A medical examiner opined that the drugs prescribed by his personal physician alone “caused sedation significant enough to result in the events leading to (his) death.”

In its ruling last month, the California Supreme Court said Mr. Clark's surviving family was due compensation since an “industrial injury need only be a contributing cause to the disability.”

“The legislature has not articulated a more stringent standard for death claims than disability claims,” the court ruled. “Similarly, we may not break from longstanding precedent to apply a higher proximate cause standard to death cases when the legislature has not seen fit to do so.”

Experts were divided on the impact of the case.

“This could be a turning point for more death benefits claims in California and possibly around the country,” said Mark Pew, senior vice president of product development at Prium, a Duluth, Georgia-based medical management company.

While drug overdoses have been ruled compensable in other states, such as Pennsylvania and Tennessee, California tends to set trends and precedents in the workers comp industry, Mr. Pew said.

It's likely that anytime a death occurs from prescription drugs, survivors will pursue death benefits, he said.

Don Powelson, senior partner at Hanna, Brophy, MacLean, McAleer & Jensen L.L.P. in Bakersfield, California, said the ruling is in line with previous decisions in California.

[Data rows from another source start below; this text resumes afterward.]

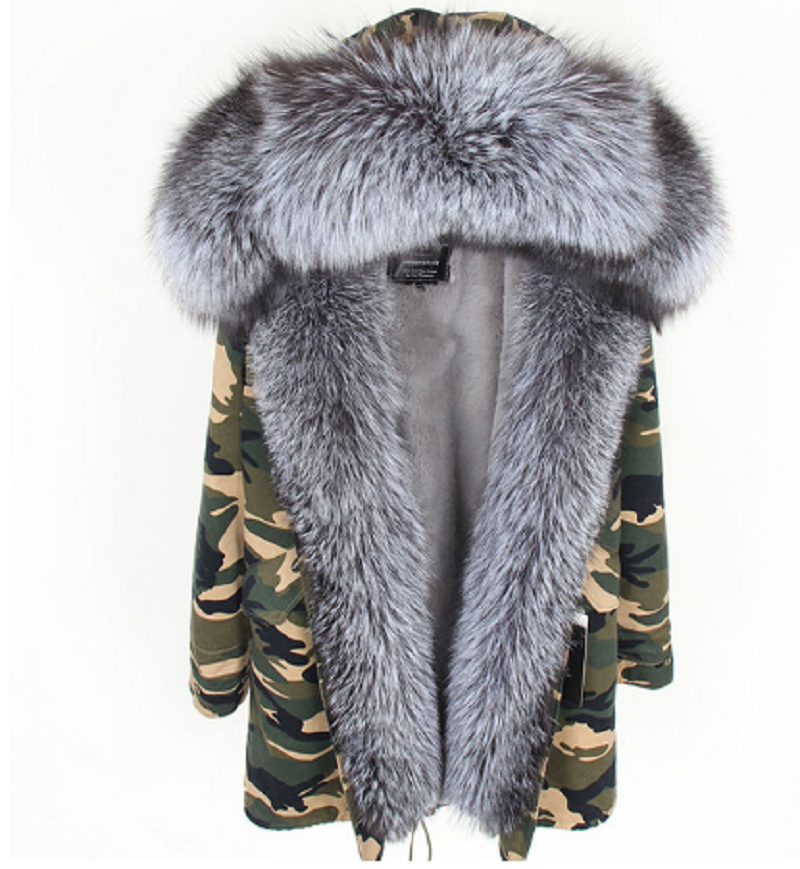 Women's Winter Casual Warm Slim Long Parka With Fox Fur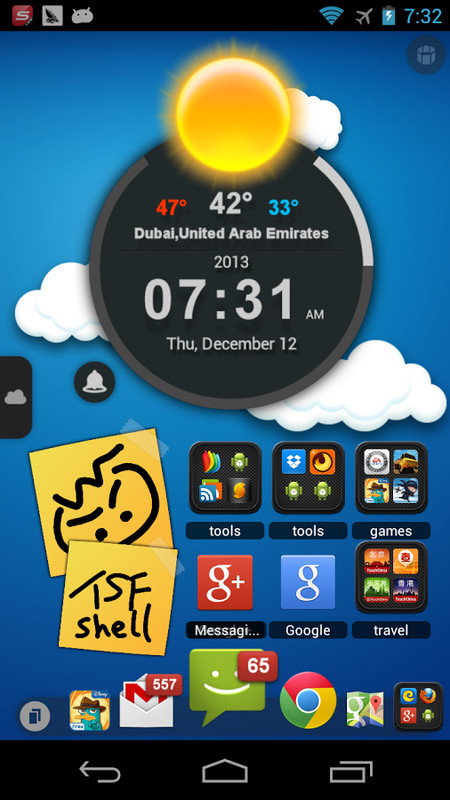 TSF Launcher 3D Shell APK Free Android App download - Appraw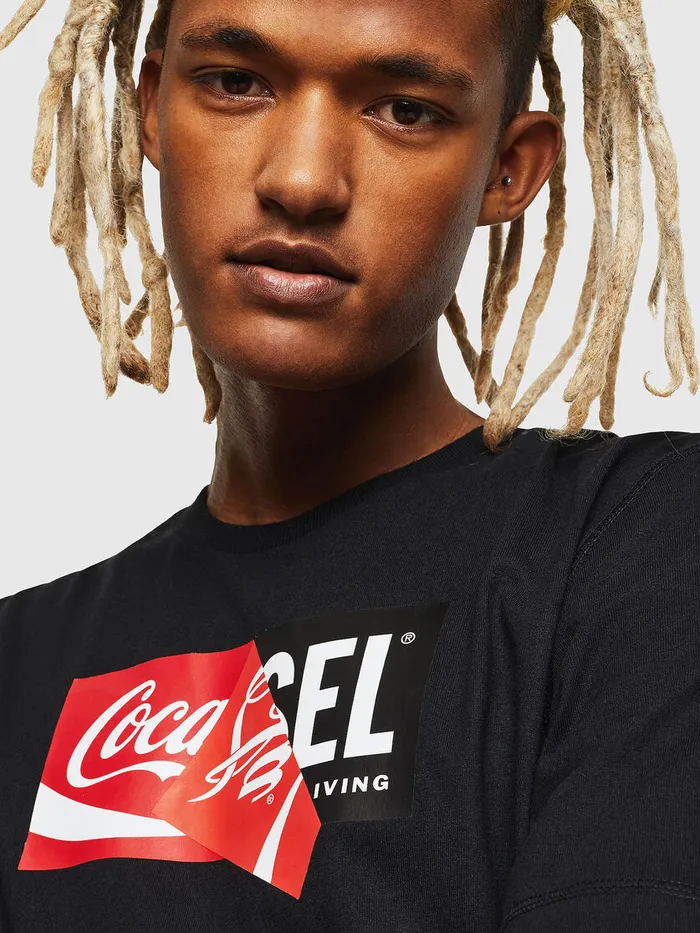 Diesel Tshirts and Tops Womens CCTJUSTCOLA Black Gift 4 You
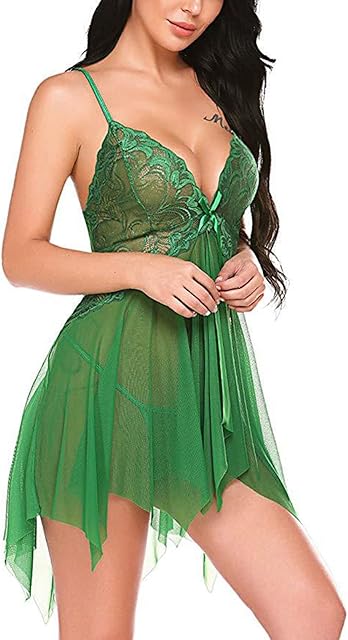 Women Lingerie Bodysuit Sexy Mesh See Through Pajama Set Fashion Erotic Bra Panties Outfits Casual Homewear Sets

“What I always tell my clients is that in a death case, if there's 1% contribution from the job, it's compensable,” Mr. Powelson said

There's little that can be done to prevent drug overdoses beyond monitoring treatment through utilization reviews and independent medical reviews, he said.

Payers should ensure that physicians use best practices, such as assessing injured workers to see if there's a history of substance abuse, checking prescription drug monitoring programs that most states have and conducting urine drug screenings, sources said.